**Task directions:** Do not repeat pictures. Repeat exactly the lines of the listing below from its first line through the line with "Vitezometru (indicatoare de".

**Given data:**
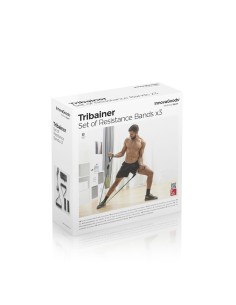 Fitness - Musculation| Produits StoreProShop 2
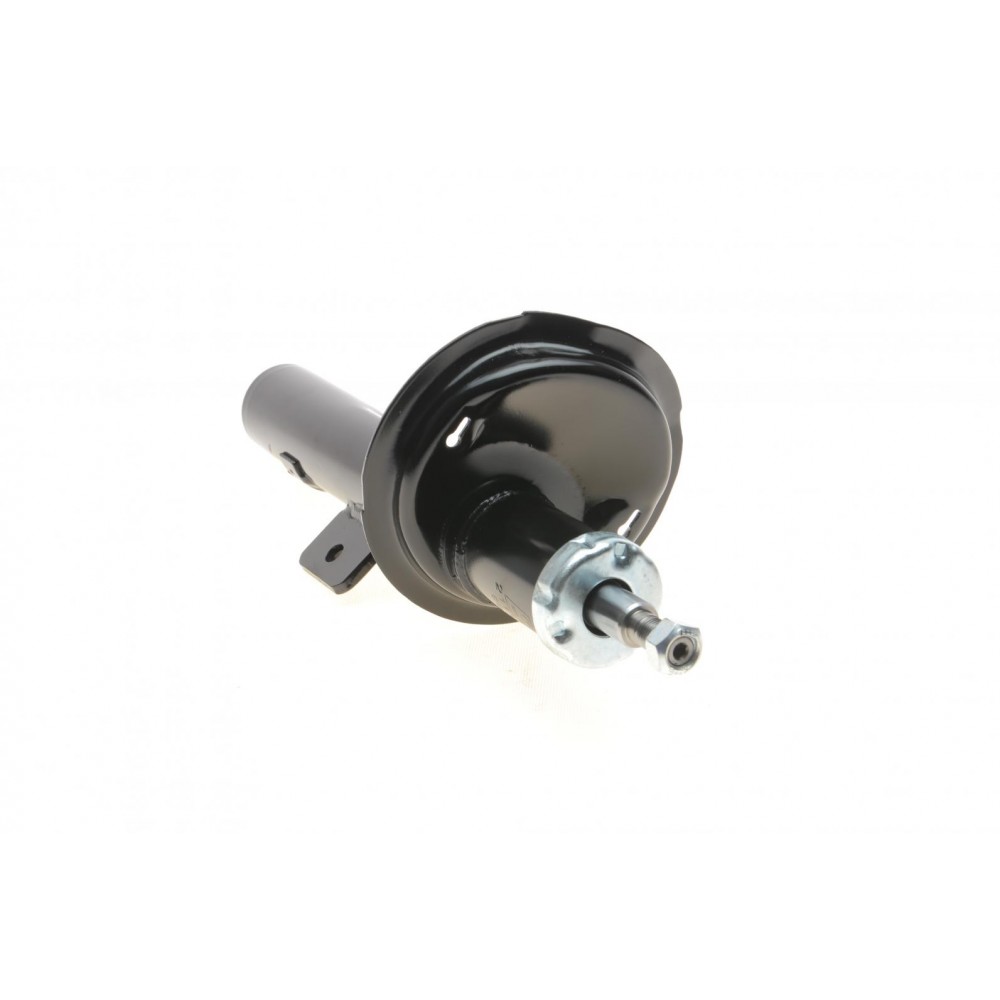 Амортизатор (передній) Citroen Berlingo/Peugeot Partner 96- (L) (Oil)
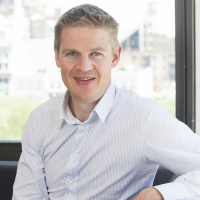 How Online Community Propelled FanDuel To Become An $11B Company ( How The Co-Founders Are Doubling Down On It)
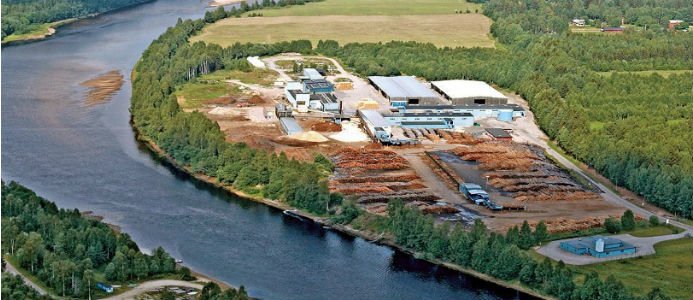 Koncernen varslar: ”Självklart ledsamt”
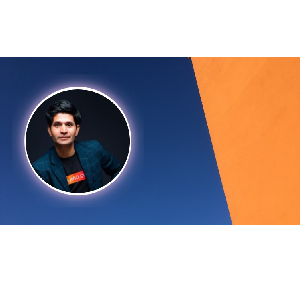 Udemy — AWS Cloud Foundation 2024-7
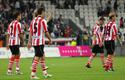 2011-07-30-cracovia-korona_b_904_720
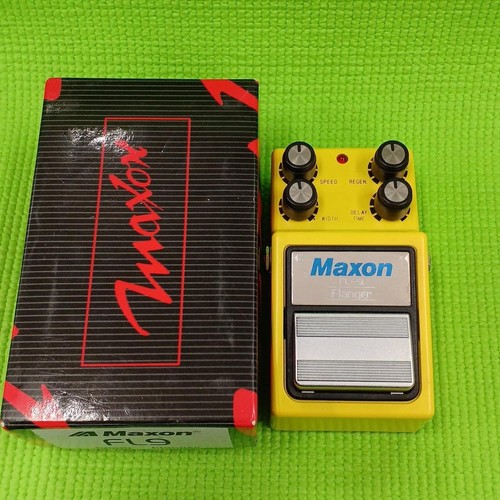 Maxon effettore 705472 - maxon,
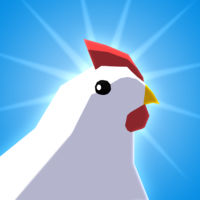 养鸡公司(EggInc)免谷歌版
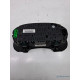 Vitezometru (indicatoare de bord) SEAT IBIZA IV 6L1 2002 - 2009 110080105013a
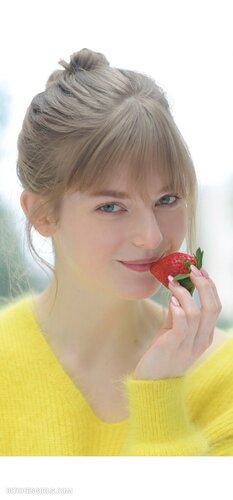 39846598251918813040710493070873641620 thumbnail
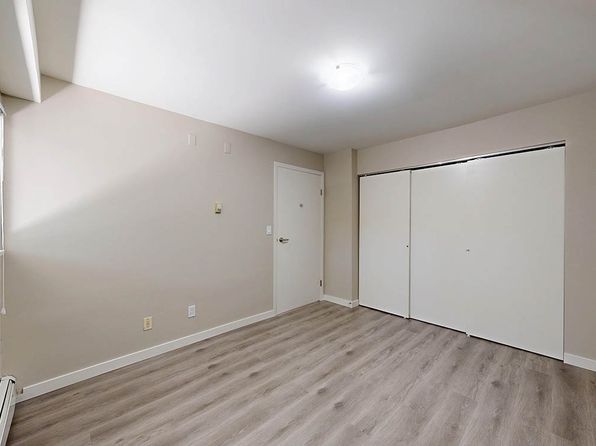 1 bedroom rental in Vancouver — photo 9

**Solution to this exercise:**
 Fitness - Musculation| Produits StoreProShop 2
 Амортизатор (передній) Citroen Berlingo/Peugeot Partner 96- (L) (Oil)
 How Online Community Propelled FanDuel To Become An $11B Company ( How The Co-Founders Are Doubling Down On It)
 Koncernen varslar: ”Självklart ledsamt”
 Udemy — AWS Cloud Foundation 2024-7
 2011-07-30-cracovia-korona_b_904_720
 Maxon effettore 705472 - maxon,
 养鸡公司(EggInc)免谷歌版
 Vitezometru (indicatoare de bord) SEAT IBIZA IV 6L1 2002 - 2009 110080105013a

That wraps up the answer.